## Work request
Starting at the line that contains "Hilos tensores para el tratamiento facial", reproduce every line through the end of the entries below, with no pictures in the copy.
--- Study material ---
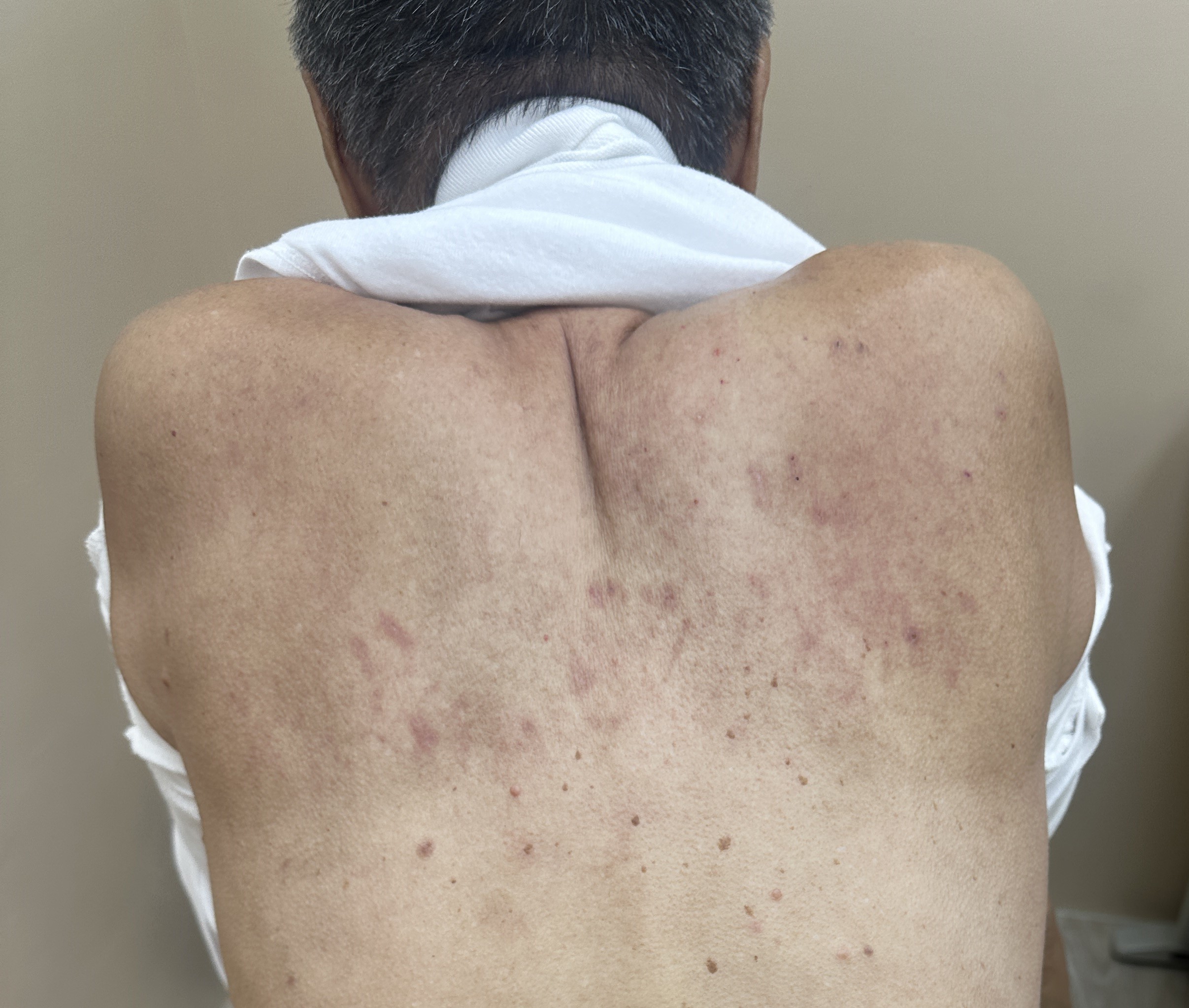 83 歲伯伯的蕁麻疹：1週中藥治療止癢退疹 - 藍依平中醫師｜依心為你-小藍中醫師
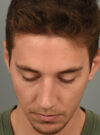 Rhinoplasty case #11713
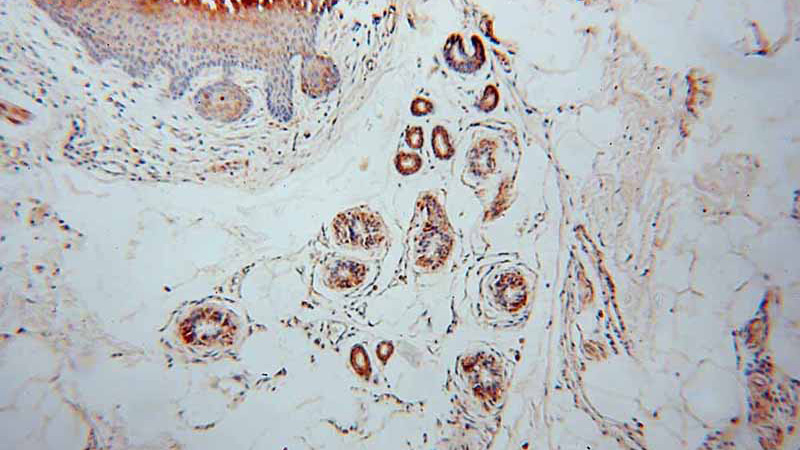 Immunohistochemical of paraffin-embedded human skin cancer using Catalog No:110867(GARS antibody) at dilution of 1:50 (under 10x lens)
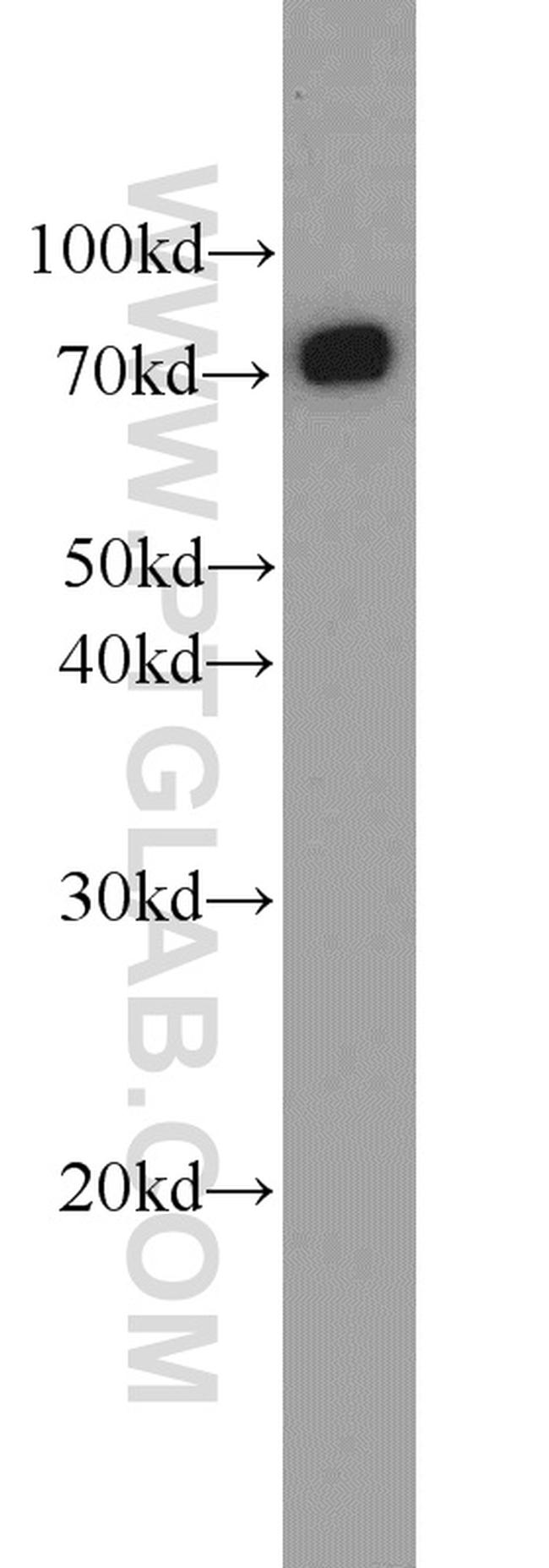 DNAJC2/MPP11 Antibody in Western Blot (WB)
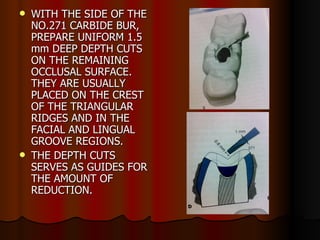 WITH THE SIDE OF THE NO.271 CARBIDE BUR, PREPARE UNIFORM 1.5 mm DEEP DEPTH CUTS ON THE REMAINING OCCLUSAL SURFACE. THEY ARE USUALLY PLACED ON THE CREST OF THE TRIANGULAR RIDGES AND IN THE FACIAL AND LINGUAL GROOVE REGIONS. THE DEPTH CUTS SERVES AS GUIDES FOR THE AMOUNT OF REDUCTION. 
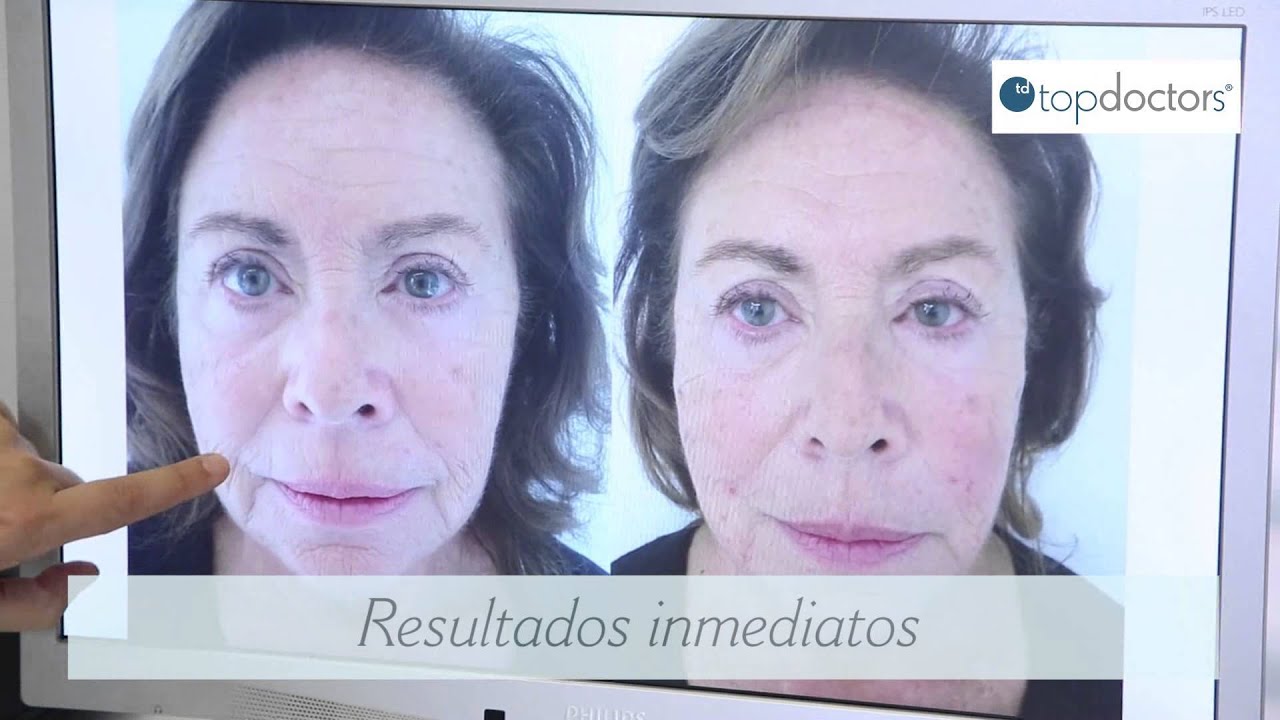 Hilos tensores para el tratamiento facial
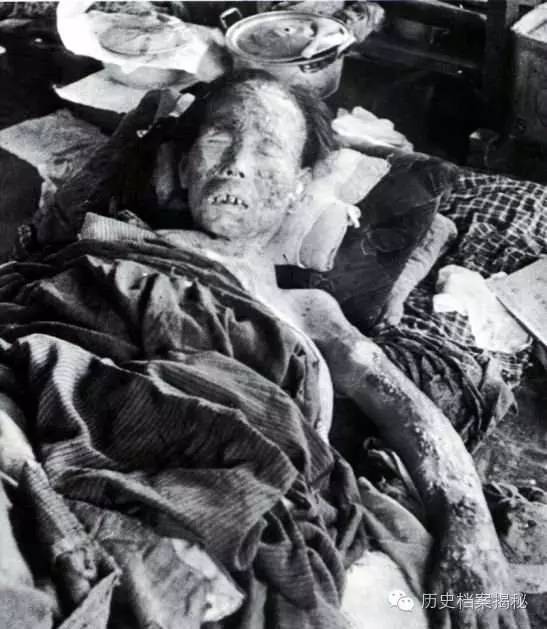 长崎遭受原子弹核辐射的日本老妇人,在遭受辐射伤害一周后死亡.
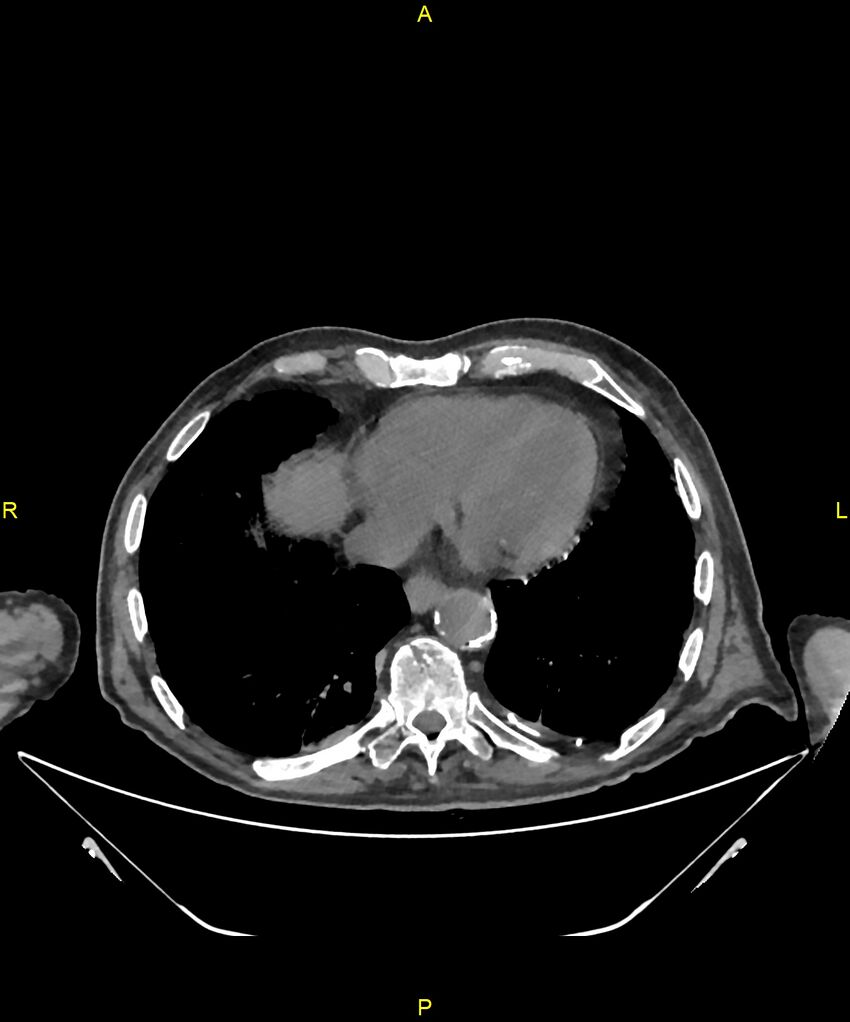 Aortoenteric fistula (Radiopaedia 84308-99603 Axial non-contrast 2).jpg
---
## Answer for this exercise
 Hilos tensores para el tratamiento facial
 长崎遭受原子弹核辐射的日本老妇人,在遭受辐射伤害一周后死亡.
 Aortoenteric fistula (Radiopaedia 84308-99603 Axial non-contrast 2).jpg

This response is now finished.